Development platform: a cluster of 7 CADMUS/PCS MC68K computers connected by the ProNET-10 LAN.
Outcome: a running system - used for followup R&D projects.
Selected publications:
- A. Barak and O.G. Paradise. MOS - Scaling Up UNIX. Proc. Summer 1986 USENIX Conf., pp. 414-418, Atlanta, GA, June 1986.
- A. Barak, D. Malki and R. Wheeler. AFS, BFS, CFS ... or Distributed File Systems for UNIX, Proc. Autumn 86 EUUG Conf. on Dist. Systems, pp. 214-222, Manchester, Sept. 1986.
- A. Barak and O.G. Paradise. MOS - a Load Balancing UNIX, Proc. Autumn 86 EUUG Conf. on Dist. Systems, pp. 273-280, Manchester, Sept. 1986.

1981 - 1983: MOS for the PDP-11 and Unix Version 7

Goals: design and implementation of a multi-computer operating system that provides a single-system image.
Joint research with A. Litman, R. Hofner, J. Mizel and A. Shiloh.
Development platform: a cluster of a PDP-11/45 and 4 PDP-11/23 computers initially connected by DRV11-J (Parallel Line Interface) and later by ProNET-10, running Bell Lab's Unix Version 7.
Outcome: a working prototype.
Selected publication:
- A. Barak and A. Litman. MOS - A Multicomputer Distributed Operating System, Software: Practice & Experience, Vol. 15(8):725-737, Aug. 1985.
- A. Barak and A. Shiloh.
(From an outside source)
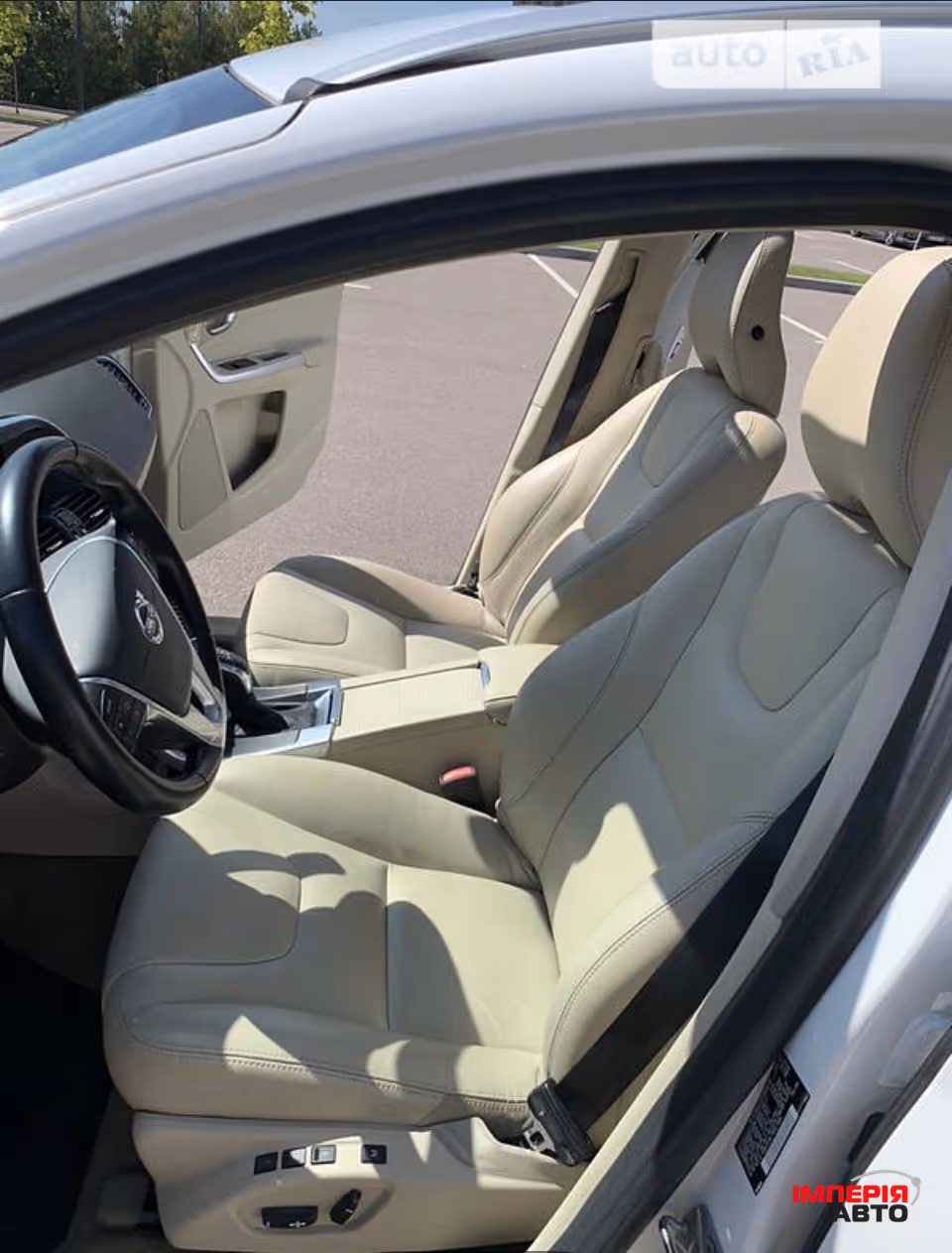 Volvo XC60 - фото 7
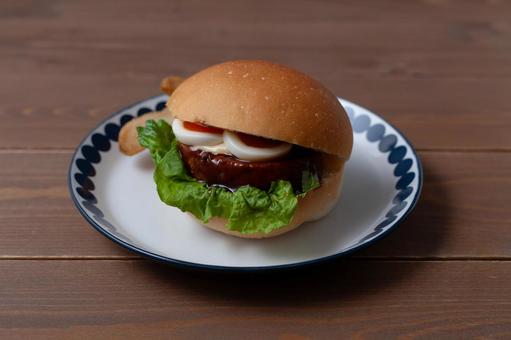 お皿にのせたテリヤキバーガー テーブル お皿にのせたテリヤキバーガー テーブル テリヤキバーガー,ハンバーガー,バーガーの写真素材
A Distributed Load-balancing Policy for a Multicomputer, Software: Practice & Experience, Vol. 15(9):901-913, Sept. 1985.

1977 - 1980: UNIX with Satellite Processors

Goals: study performance gains when distributing Unix processes to remote computers.
Joint research with A. Shapir, G. Steinberg and A.I. Karshmer.
Development platform: a "cluster" of a PDP-11/45 and a PDP-11/10, connected by parallel I/O, running Bell Lab's Unix Version 6.
Outcome: a working prototype.
Selected publication:
- A. Barak and A. Shapir. UNIX with satellite Processors. Software: Practice & Experience, Vol. 10(5):383-392, May 1980.
- A. Barak, A. Shapir, G. Steinberg and A.I. Karshmer. A Modular, Distributed UNIX. Proc. 14^th Hawaii Int. Conf. on System Science, pp. 740-747, January 1981.